2

I tried autoscaling groups and alternatively just a bunch of EC2 instances tied by load balancer. Both configs are working fine at first glance.

But, when the EC2 is a part of autoscaling group it goes down sometimes. Actually it happens very often, almost once a day. And they go down in a "hard reset" way. The ec2 monitoring graphs show that CPU usage goes up to 100%, then the instance become not responsive and then it is terminated by autoscaling group.

And it has nothing to do with my processes on these instances.

When the instance is not a part of Autoscaling groups, it can work without the CPU usage spikes for years.

The "hard reset" on autoscaling group instances are braking my cron jobs. As much as I like the autoscaling groups I cannot use it.

It there a standard way to deal with the "hard resets"?

PS.

The cron jobs are running PHP scripts on Ubuntu in my case. I managed to make only one instance running the job.

timur
  • 14,239
  • 2
  • 11
  • 32
Yevgeniy Afanasyev
  • 37,872
  • 26
  • 173
  • 191
  • What do you mean by "hard rests" in ASG? – Marcin Feb 23 '21 at 07:08
  • By "hard rests" I meant "termination without giving time for the software to finalize the processes". I thought the "hard rest" means that someone just pulled out the power cable from the electric socket without waiting for computer to make a shut down. Please help me find a better word for it. Thank you. – Yevgeniy Afanasyev Feb 23 '21 at 22:52
  • 1
    you are not using spot instances by chance? what sort of scaling conditions have you got? – timur Feb 26 '21 at 02:34
  • No, I don't use spot instances and all the scaling conditions are defaults - Scaling policies(0), Scheduled actions(0). How often your instances from auto scaling groups are going down? I have even set everything to 2 but it did not help (Desired capacity - 2, Minimum capacity - 2, Maximum capacity - 2). – Yevgeniy Afanasyev Feb 28 '21 at 23:40
  • 1
    What kind of instances are you running? Burstable? – timur Mar 01 '21 at 07:01
  • @YevgeniyAfanasyev are you running cloudwatch client under those machines ? – Amine Bouzid Mar 01 '21 at 10:29
  • @timur, yes they are t2.micro, I guess it means they are Burstable. Why? – Yevgeniy Afanasyev Mar 02 '21 at 04:57
  • 1
    my initial guess was your instances are getting throttled so they cannot respond to a liveness check, but having read a bit more documentation i think that's not the case. – timur Mar 02 '21 at 05:02
  • @AmineBouzid, yes, I have cloudwatch – Yevgeniy Afanasyev Mar 02 '21 at 05:09
  • @YevgeniyAfanasyev you can write a script that runs on system shutdown to transfer system logs so you can investigate which process is causing 100% of CPU – Amine Bouzid Mar 02 '21 at 09:02

2 Answers2

2

It sounds like you have a health check that is failing when your cron is running, as as a result the instance is being taken out of service.

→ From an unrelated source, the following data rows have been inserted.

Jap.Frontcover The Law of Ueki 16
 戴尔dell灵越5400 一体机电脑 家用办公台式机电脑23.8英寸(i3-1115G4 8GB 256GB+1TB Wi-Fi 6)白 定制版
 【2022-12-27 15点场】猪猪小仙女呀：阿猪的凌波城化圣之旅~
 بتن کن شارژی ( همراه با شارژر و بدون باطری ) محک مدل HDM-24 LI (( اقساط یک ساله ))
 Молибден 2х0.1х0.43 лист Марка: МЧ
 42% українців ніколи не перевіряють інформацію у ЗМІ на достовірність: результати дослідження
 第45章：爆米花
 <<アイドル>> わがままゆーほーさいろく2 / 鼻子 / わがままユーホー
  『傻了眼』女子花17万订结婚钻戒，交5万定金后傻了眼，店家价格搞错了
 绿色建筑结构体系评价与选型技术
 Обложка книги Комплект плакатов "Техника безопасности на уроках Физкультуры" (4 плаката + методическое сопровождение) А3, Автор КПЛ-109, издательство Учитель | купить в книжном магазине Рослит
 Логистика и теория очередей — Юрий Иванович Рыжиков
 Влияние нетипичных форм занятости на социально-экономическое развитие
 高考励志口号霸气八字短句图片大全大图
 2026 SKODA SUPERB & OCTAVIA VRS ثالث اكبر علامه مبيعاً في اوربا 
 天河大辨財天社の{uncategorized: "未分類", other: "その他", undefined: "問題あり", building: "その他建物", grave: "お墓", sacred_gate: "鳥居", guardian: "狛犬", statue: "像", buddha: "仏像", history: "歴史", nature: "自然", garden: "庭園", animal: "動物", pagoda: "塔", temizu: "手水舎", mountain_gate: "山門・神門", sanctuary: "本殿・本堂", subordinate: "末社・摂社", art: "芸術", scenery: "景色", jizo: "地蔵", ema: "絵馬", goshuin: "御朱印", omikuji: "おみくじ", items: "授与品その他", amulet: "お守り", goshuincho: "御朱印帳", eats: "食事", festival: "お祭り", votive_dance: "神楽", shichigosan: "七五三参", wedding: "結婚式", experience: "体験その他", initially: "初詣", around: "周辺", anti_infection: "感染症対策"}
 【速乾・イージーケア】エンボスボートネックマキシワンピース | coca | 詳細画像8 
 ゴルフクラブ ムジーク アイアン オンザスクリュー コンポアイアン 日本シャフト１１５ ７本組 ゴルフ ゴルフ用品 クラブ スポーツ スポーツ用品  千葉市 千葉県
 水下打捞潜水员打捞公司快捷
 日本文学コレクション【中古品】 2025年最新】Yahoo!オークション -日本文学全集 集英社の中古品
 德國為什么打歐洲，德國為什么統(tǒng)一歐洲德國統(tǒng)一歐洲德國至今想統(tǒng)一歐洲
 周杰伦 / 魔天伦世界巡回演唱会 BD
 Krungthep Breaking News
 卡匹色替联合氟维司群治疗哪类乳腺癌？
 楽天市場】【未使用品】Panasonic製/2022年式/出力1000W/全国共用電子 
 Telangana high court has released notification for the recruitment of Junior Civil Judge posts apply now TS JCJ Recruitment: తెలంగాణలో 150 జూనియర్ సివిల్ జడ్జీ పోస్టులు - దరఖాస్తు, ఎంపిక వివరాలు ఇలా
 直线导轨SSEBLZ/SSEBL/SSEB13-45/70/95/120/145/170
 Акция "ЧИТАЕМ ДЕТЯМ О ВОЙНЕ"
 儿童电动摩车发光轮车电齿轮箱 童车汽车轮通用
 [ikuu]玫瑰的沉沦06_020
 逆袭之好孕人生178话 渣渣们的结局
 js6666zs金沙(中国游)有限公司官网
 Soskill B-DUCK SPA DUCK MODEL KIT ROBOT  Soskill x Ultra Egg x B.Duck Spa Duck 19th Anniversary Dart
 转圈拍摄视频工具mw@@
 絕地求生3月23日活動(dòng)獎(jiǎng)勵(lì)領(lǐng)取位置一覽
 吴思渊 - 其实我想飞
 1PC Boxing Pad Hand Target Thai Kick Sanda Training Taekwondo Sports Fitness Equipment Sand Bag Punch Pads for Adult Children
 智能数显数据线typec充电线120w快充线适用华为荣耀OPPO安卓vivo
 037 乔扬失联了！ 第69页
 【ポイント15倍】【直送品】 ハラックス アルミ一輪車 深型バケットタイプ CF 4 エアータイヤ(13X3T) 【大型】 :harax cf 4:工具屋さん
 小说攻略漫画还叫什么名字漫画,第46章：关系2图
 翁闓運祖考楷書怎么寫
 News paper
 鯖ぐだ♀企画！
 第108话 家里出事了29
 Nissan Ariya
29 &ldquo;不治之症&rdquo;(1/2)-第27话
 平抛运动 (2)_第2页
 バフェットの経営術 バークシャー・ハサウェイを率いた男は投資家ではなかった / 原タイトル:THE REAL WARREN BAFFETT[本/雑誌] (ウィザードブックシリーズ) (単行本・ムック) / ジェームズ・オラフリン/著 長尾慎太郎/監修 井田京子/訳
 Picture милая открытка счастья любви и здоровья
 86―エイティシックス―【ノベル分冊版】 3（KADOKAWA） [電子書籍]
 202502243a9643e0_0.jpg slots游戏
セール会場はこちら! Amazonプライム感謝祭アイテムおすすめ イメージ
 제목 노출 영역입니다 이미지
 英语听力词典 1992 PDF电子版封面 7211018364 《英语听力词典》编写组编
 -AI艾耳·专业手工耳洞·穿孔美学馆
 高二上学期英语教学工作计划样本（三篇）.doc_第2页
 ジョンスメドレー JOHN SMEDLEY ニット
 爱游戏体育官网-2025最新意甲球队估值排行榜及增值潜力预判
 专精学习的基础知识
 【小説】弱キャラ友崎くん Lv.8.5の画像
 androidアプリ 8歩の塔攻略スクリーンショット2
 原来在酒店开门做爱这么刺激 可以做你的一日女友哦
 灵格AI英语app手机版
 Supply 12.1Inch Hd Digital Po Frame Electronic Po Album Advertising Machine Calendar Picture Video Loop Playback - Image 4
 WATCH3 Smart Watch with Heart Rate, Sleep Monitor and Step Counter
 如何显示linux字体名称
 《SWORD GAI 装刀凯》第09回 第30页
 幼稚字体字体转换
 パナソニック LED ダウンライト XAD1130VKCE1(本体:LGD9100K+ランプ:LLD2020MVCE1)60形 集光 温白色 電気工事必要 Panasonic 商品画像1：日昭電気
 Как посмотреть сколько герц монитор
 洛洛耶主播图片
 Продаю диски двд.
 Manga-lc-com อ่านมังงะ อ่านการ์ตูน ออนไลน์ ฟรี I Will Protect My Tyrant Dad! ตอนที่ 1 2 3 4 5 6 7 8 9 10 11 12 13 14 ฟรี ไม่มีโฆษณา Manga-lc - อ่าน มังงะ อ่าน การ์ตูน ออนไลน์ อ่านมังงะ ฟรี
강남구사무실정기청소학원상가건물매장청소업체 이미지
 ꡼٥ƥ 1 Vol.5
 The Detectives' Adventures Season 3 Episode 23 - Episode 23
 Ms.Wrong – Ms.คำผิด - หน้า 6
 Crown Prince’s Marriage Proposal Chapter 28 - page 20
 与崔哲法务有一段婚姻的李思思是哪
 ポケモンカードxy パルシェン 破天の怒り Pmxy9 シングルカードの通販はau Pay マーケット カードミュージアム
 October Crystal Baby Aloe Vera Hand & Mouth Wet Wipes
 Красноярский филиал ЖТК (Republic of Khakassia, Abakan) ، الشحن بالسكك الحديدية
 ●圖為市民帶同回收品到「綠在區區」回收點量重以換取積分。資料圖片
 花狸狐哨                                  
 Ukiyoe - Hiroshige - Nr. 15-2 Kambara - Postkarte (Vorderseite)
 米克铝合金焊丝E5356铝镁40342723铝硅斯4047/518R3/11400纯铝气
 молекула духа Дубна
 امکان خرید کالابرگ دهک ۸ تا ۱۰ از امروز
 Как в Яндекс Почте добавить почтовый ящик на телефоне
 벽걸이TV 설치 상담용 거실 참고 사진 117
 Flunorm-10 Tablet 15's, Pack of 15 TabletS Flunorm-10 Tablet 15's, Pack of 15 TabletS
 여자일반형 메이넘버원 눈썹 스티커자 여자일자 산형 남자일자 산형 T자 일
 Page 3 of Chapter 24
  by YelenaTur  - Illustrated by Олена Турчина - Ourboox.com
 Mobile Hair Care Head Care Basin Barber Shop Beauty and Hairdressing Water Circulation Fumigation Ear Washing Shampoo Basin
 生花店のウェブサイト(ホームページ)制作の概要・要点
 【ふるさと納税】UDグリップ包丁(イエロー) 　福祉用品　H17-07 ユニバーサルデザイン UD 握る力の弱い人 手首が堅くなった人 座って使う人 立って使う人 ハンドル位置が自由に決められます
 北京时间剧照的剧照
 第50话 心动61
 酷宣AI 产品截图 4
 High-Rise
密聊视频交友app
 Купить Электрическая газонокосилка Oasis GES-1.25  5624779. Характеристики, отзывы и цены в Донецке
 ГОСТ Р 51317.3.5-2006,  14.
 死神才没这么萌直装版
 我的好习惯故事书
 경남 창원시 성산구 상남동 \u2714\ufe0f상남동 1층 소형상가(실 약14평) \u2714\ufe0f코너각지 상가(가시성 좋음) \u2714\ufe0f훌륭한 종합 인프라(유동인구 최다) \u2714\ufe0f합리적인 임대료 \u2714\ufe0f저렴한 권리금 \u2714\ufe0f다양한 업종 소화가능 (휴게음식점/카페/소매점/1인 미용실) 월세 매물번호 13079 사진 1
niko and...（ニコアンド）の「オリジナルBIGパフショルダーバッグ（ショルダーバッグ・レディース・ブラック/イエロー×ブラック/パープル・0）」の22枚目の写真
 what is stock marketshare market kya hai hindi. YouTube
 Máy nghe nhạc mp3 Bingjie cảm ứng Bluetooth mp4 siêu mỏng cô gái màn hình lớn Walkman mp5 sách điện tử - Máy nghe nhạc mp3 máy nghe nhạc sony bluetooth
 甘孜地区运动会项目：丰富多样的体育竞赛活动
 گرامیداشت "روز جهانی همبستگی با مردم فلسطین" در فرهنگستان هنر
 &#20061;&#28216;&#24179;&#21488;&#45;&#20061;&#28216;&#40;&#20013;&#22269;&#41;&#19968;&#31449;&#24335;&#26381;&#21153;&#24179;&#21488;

If you look at the ASG, there should be a reason listed for why the instance was taken out. This will usually be a health check failure, but there could be other reasons as well.

There are a couple things you can do to fix this.

First, determine why your cron is taking 100% of CPU, and how long it generally takes.

Review your health check settings. Are you using HTTP or TCP? What is the interval, and how many checks have to fail before it is taken out of service?

Between those two items, you should be able to adjust the health checks so that it doesn't take it out of service during the cron running time. It is possible that the instance is failing, typically this would be because it runs out of memory. If that is the case, you may want to consider going to a large instance type and/or enabling swap.

chris
  • 36,094
  • 53
  • 157
  • 237
1

Once I had a similar issue, in that situation was the system auto update running. The system (Windows server) was downloaded a big update and took 100% of the CPU during hours. My suggestion is to try to monitoring which service is running at that moment (even if the SO is Linux), also check for any schedule task (as looks like it is running periodically). Other than that try to keep the task list opened during the event and see what is going on.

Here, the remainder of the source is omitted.